Nederlandsche Verzen en Nederlandsch Proza.
Operette-bloed door Fiore della Neve, roman in twee deelen bij J.P. Revers. Dordrecht 1899.
Deze roman moet geschreven zijn in den rook van cigaretten, in den geur van een reukwatertje. Lekker op zijn gemak, is Fiore della Neve aan 't vertellen gegaan. Tot punt van uitgang had hij een stukje werkelijkheid gekozen; tot steunpunten voor zijn verbeelding eenige waarnemingen. Met zijn dankbaar gegeven kon hij veel doen. Hij heeft het verwerkt tot een vermaakromannetje en hij is er in geslaagd met zijn arbeid de lezers van het tijdschrift Nederland zeer prettig bezig te houden. Natuurlijk is het dus, dat Fiore della Neve zijn roman liet uitgeven in een paar ‘kloeke’ deelen en 't zal niemand verwonderen als die deelen gretig worden gekocht door de houders van leesbibliotheken en de bestuurderen van leesgezelschappen. Voor het publiek van dergelijke Nederlandsche inrichtingen is het boek bij uitstek geschikt, ook al zijn er wat bladzijden bijgekomen, die de voorzichtige redacteur-schrijver niet in Nederland heeft laten afdrukken.

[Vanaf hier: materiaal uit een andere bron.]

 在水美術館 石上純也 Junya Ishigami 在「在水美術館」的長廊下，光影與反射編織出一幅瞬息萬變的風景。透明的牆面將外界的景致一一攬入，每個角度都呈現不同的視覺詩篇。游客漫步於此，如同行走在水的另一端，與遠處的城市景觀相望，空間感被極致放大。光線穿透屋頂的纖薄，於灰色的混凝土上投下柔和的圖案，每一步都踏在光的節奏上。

Operette-bloed is hier en daar ‘pakkend’ hier en daar humoristisch, hier en daar ‘heel lief’, hier en daar erg wijs, hier en daar een beetje nuffig en van het begin tot het eind vlot geschreven. Geen mensch kan er akelig van worden of er zich aan ergeren. 't Is een aardig speeldingetje, dat getuigt van groote schrijfvaardigheid en de fransche woorden, die er in voorkomen, zijn niet zóó groot in aantal, dat zij een beoordeelaar boos maken. Fiore della Neve kan bepaald wat ernstigers en beters geven; maar hij heeft met Operette-bloed blijkbaar vooral wat aangenaams willen bieden aan de lezers van zijn tijdschrift. Die krijgen, gelijk de lezers van alle mogelijke tijdschriften uit onze dagen, zóóveel sombers en ontmoedigends onder de oogen dat, nietwaar? er dringende behoefte bestaat aan lektuur, die in spanning brengt en toch geen akeligen indruk achter laat.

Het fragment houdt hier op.